Lag B’Omer*

 

I took Maisie out this morning – it was beautiful, clear skies, a gentle breeze and the smell of smoke.

Yesterday was Guy Fawkes and fireworks were set-off late into the night, alongside these were bonfires across the country.

The smoke lingered this morning.

This took me back to when I was 12.

The festival of Lag B’Omer takes place each year sometime in May. It commemorates the death of Rabbi Shimon bar Yochai, a Kabbalistic sage who lived around the 2nd century. I won’t go into the origins of this festival as they are beyond my ken – what I will describe is the event which took place in 1986 not long after I had moved with my family to live in Israel.

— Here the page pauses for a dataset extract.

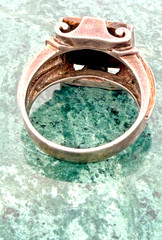 Vintage Men’s Sterling Silver Tiger Eye Ring Intaglio Size 11.75 as is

I still hadn’t fully picked-up the language, but I was invited to a friend’s bonfire. Yoni. I don’t recall his surname or know what has become of him although I remember he had a very attractive sister and his parents were divorced. He also had an uncanny ability to spot and catch lizards and snakes – lightning-fast reflexes and a sharp eye.

Anyway, back in those days – I don’t know if this still happens, bonfires were lit across the country. Different to the UK, as this festival is in late spring – early summer, it is warm enough to sleep outside and keep the fire burning all night.

This means that by the next morning the resultant smog is several times thicker than that which I encountered this morning. It takes you back to what it must have been like to walk about Victorian London – or present day Shanghai (I imagine).

This isn’t the story though – the story is my memory of that night; there I was in the middle of nowhere** with my classmates; I remember Addy, Naftali and David being there – I can’t recall who else.

And, that night I somehow developed the worst tonsillitis of my life. I was feverish, no doubt delirious and not that able to communicate my situation. Were this to have happened today I would likely have either approached Yoni’s mum and asked her to call my mum (although we didn’t have a car we would have worked something out), or I would have called my mum on my phone – back then in the 80’s I had to sit it out.

The other two memories were of Yoni who had acquired bullets from somewhere – passing them round and us throwing them in the fire. I don’t know exactly what could have happened, but essentially, we would throw the bullet then run for cover. I imagine the shell would blow and the bullet would fly-off somewhere; perhaps not – I don’t know much about ballistics. No one was injured.

The final memory, before I set-off home back to the Absorption Centre where we were living, at probably five in the morning, was the others skipping over the fire, pissing into the flames. The acrid, nauseating aroma combined with my fever and sore throat, the fatigue, and, probable anxiety to create a stretching-out of time and a perception. Sheesh.

21st Century Guy Fawkes – how sanitised, how much a family thing. No bullets, no fever – not even the hint of a hallucination. Come on modern world!

 

*Lag B’Omer uses the Hebrew representation of letters as numbers – this means, L = lamed = 30 and G = gimmel = 3, the 33rd day in the Omer, which is the fifty days between the second day of Passover and the day before the start of the festival of Shavout – that is, the time we recall the period as slaves in Egypt and the festival of Tabernacles, or when we built shelters in the desert during our escape.